「光る崖」 夏樹静子 光文社 カッパ・ノベルズ
名古屋地検の少年係の検事千鳥朱子。
ある傷害致死事件を受け持つ。
送致されて来たのは18歳の奥平誠次。
奥平は道を聞くのに、ある家の庭に入り女性、北沢昌代に声を掛けるが、驚いた女性が振り向いて手に持っていた鎌を向けたので、その鎌を取ろうと手を伸ばし後ろに引いた。
その時、もう1人の人物、中尾弘吉が側にいて、鎌はその人に足の動脈を切ってしまい、死亡する。
中尾は生地会社の社長で、北沢とは仕事上の付き合いがあったと言う。
目撃情報なども調べ、奥平は過失致死と言う事になる。
実際には未成年なので、拘留される事もなかった。
しかし、朱子は何か引っかかるものを感じていた。
2つの事件が交差して、1つの事件を描き出していく。
検事の千鳥朱子が取り掛かった、傷害致死事件。
そして、それとは別に豊松久仁子と娘の祥子の話があり、やがて2つが結びつくと言う展開。

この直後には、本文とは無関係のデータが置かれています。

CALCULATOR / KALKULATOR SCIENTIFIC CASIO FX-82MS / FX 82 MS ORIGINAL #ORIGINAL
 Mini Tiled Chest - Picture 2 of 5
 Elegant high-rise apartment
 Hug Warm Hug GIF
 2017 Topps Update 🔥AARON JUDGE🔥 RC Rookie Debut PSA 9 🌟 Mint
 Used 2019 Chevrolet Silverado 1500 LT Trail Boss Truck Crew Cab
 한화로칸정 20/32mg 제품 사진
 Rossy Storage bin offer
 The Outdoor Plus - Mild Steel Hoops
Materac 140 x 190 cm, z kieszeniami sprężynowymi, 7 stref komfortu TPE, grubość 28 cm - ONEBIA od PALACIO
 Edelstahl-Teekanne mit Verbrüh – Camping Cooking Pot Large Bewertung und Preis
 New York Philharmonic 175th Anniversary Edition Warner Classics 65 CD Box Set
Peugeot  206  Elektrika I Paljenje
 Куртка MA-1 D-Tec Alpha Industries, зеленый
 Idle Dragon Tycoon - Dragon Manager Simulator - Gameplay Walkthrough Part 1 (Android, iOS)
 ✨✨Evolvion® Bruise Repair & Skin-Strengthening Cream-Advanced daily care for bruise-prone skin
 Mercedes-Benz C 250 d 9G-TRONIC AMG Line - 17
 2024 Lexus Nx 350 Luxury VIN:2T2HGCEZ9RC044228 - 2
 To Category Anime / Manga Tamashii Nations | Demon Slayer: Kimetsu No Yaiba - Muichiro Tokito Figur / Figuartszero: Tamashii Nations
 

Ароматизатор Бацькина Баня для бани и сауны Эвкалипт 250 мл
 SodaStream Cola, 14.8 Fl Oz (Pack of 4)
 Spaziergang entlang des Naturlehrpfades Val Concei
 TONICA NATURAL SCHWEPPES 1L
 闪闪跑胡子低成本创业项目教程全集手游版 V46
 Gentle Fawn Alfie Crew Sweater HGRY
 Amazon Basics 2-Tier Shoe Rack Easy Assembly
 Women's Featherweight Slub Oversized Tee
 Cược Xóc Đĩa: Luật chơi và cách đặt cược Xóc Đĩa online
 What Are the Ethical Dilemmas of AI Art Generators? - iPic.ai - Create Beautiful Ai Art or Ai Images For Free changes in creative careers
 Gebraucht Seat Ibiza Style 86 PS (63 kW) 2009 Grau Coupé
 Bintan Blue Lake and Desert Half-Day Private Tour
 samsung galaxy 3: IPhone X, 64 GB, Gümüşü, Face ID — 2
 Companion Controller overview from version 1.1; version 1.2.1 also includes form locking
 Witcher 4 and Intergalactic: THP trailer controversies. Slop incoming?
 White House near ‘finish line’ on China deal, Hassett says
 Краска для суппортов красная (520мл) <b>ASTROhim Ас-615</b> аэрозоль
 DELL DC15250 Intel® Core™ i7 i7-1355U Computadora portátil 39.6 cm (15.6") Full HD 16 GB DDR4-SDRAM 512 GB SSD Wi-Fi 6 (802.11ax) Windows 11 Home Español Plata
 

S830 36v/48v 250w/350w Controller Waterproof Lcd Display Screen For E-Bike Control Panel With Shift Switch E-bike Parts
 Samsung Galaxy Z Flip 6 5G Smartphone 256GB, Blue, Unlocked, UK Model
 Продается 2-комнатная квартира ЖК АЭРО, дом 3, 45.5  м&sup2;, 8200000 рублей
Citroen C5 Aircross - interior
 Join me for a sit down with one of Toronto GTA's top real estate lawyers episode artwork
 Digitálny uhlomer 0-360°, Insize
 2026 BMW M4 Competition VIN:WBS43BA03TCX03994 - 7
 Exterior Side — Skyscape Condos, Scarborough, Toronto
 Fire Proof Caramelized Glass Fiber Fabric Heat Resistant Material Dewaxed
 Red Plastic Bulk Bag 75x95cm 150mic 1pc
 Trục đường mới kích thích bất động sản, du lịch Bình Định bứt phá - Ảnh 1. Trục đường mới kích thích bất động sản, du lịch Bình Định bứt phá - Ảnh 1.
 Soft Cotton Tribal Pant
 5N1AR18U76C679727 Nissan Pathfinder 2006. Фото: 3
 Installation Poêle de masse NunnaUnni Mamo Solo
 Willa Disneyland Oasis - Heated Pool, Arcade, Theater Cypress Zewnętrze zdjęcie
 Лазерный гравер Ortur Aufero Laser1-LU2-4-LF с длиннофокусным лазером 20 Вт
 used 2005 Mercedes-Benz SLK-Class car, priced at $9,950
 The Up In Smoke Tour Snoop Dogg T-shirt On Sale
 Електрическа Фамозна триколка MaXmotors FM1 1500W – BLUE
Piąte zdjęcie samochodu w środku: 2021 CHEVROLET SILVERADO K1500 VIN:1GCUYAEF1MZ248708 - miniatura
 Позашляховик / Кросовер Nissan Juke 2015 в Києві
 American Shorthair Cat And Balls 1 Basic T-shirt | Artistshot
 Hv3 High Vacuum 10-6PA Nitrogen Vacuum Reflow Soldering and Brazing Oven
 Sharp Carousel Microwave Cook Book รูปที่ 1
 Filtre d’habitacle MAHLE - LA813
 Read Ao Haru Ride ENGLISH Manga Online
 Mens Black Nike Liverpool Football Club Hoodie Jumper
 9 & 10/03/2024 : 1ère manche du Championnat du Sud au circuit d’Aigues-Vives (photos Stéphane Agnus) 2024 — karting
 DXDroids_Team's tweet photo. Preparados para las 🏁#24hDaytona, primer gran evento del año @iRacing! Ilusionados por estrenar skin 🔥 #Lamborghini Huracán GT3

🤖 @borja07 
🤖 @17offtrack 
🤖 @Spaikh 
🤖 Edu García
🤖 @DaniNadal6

いきなり豊松久仁子が出て来た時は、どこかで登場しただろうかと戸惑う。
振り返ったら、奥平誠次と一緒にいた高校生が豊松祥子だった。
読み進めて、こういう事だったのかと半分は納得するが。
復讐を誓う犯人が、豊松家に恨みを抱くのはちょっと違う気がする。
確かに、そう考えたくなる気持ちも分かるけれど、その復讐の為になんの関係もない祥子を巻き込むとは。
自分が守りたかった人物と同じ立場を作り出しただけだった。